Voici comment un expert de Harvard interprète le premier signal radio 3I/ATLAS détecté depuis la Terre

La comète 3I/Atlas a enregistré son approche la plus proche du soleil il y a quelques jours, la semaine dernière nous avons signalé qu’une sonde chinoise l’avait enregistrée près de Mars et, maintenant, elle fait à nouveau une découverte que nous n’avions jamais vue auparavant.

Le radiotélescope MeerKAT

Pour la première fois, un signal radio en provenance de 3I/Atlas a été détecté.

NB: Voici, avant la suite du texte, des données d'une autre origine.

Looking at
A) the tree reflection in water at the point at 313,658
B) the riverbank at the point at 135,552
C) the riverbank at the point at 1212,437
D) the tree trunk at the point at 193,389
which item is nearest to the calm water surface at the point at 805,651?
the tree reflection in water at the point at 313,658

Contrairement aux deux autres objets interstellaires découverts – 1I/Oumuamua, 2I/Borisov – qui n’émettaient aucun signal radio.

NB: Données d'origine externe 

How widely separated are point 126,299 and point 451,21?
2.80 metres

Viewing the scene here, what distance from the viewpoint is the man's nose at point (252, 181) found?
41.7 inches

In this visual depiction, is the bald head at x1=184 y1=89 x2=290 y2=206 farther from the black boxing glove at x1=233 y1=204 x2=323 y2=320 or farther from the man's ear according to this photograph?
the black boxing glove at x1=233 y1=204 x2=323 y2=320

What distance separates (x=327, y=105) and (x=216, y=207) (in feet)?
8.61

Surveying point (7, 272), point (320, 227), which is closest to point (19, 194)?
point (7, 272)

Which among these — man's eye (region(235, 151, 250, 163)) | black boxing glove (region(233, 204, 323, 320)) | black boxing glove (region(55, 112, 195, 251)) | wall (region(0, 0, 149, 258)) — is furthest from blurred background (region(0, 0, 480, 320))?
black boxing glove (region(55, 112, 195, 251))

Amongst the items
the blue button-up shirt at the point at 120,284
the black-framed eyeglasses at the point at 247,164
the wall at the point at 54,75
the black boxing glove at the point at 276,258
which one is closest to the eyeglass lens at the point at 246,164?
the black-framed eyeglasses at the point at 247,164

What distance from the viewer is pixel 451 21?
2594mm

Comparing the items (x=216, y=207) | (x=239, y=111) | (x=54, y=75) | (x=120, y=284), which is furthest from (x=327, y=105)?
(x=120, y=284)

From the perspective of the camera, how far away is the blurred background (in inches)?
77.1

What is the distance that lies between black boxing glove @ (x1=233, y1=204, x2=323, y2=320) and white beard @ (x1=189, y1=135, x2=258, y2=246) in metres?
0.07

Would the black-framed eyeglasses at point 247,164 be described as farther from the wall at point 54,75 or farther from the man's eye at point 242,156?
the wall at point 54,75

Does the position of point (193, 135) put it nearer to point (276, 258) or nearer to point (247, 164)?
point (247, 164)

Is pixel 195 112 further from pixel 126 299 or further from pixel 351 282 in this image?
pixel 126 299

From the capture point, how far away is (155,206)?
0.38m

A cette occasion, la fréquence 1,6 GHz a été détectée grâce au radiotélescope MeerKat, situé au Cap Nord de l’Afrique du Sud, plus précisément à l’Observatoire sud-africain de radioastronomie.

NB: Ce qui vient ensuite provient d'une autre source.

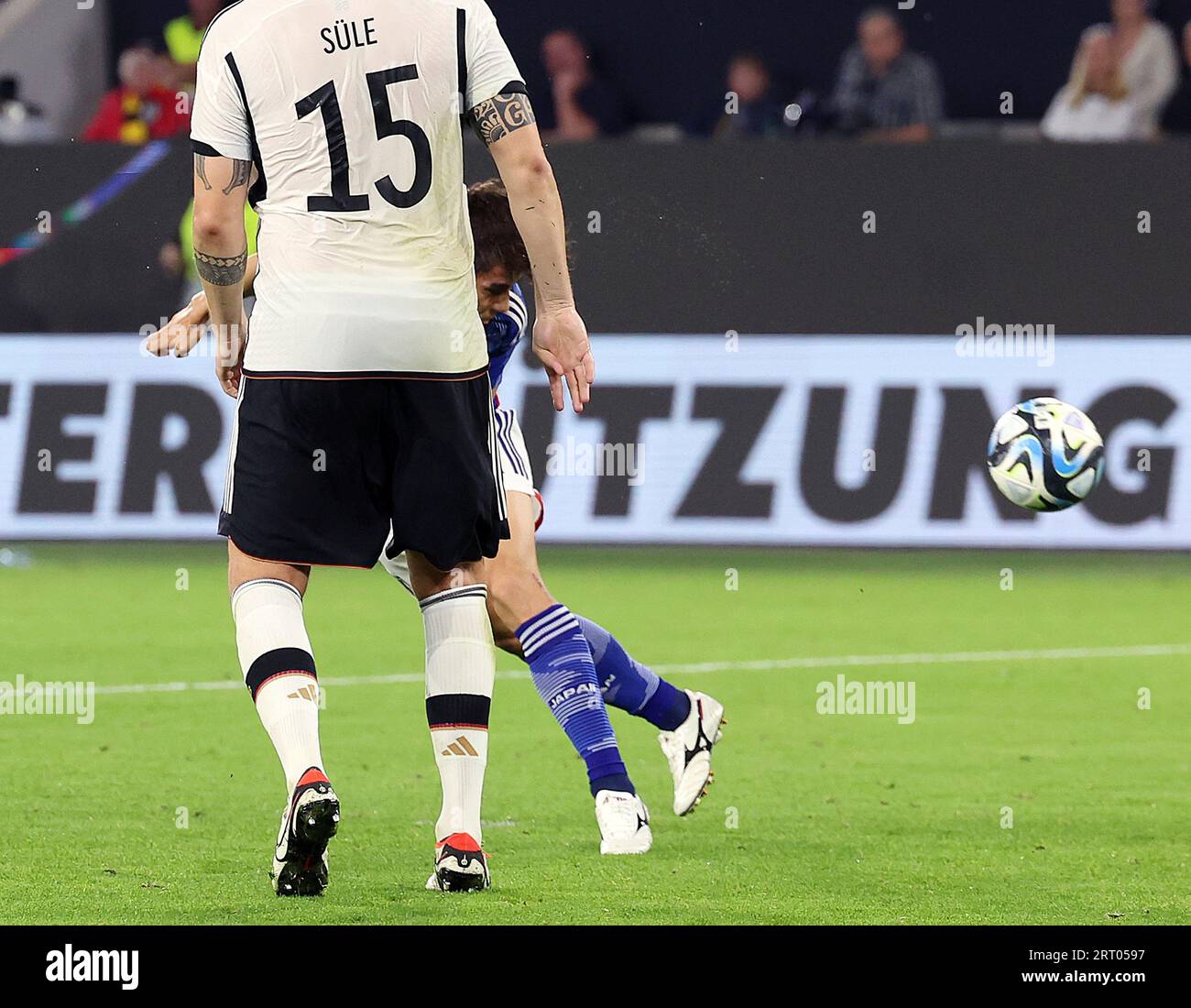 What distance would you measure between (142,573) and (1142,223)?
18.6 ft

Cette antenne est utilisée pour détecter les signaux naturels provenant d’objets dans l’espace, mais elle n’a jamais enregistré d’ondes énergétiques provenant d’un objet interstellaire.

Radiotélescope MeerKAT (2024). Image du radiotélescope MeerKAT capturée sur le site Web de SARAO. / Observatoire sud-africain de radioastronomie (SARAO)

Cause du signal radio

Certains scientifiques, comme Avi Loeb, ont profité de l’occasion pour semer une nouvelle fois le doute sur l’origine de l’objet.

Cependant, la réalité est que le premier signal provenant de la comète est provoqué par des molécules d’hydroxyle (OH). Ces types de molécules sont composés de deux atomes : un d’oxygène (O) et un d’hydrogène (H).

Ces molécules apparaissent lorsque l’eau (H₂O) de la comète se brise à l’approche du soleil. L’eau se réchauffe, la glace s’évapore et ainsi des molécules d’hydroxyle apparaissent.

Par conséquent, le gaz émis par l’hydroxyle est responsable de la génération du signal radio détecté par MeerKat.

Le voyage de 3I/Atlas

Le parcours de 3I/Atlas continue de surprendre la communauté scientifique. D’abord à cause de son origine, plus tard à cause de sa composition chimique et, aujourd’hui, à cause de son comportement inhabituel.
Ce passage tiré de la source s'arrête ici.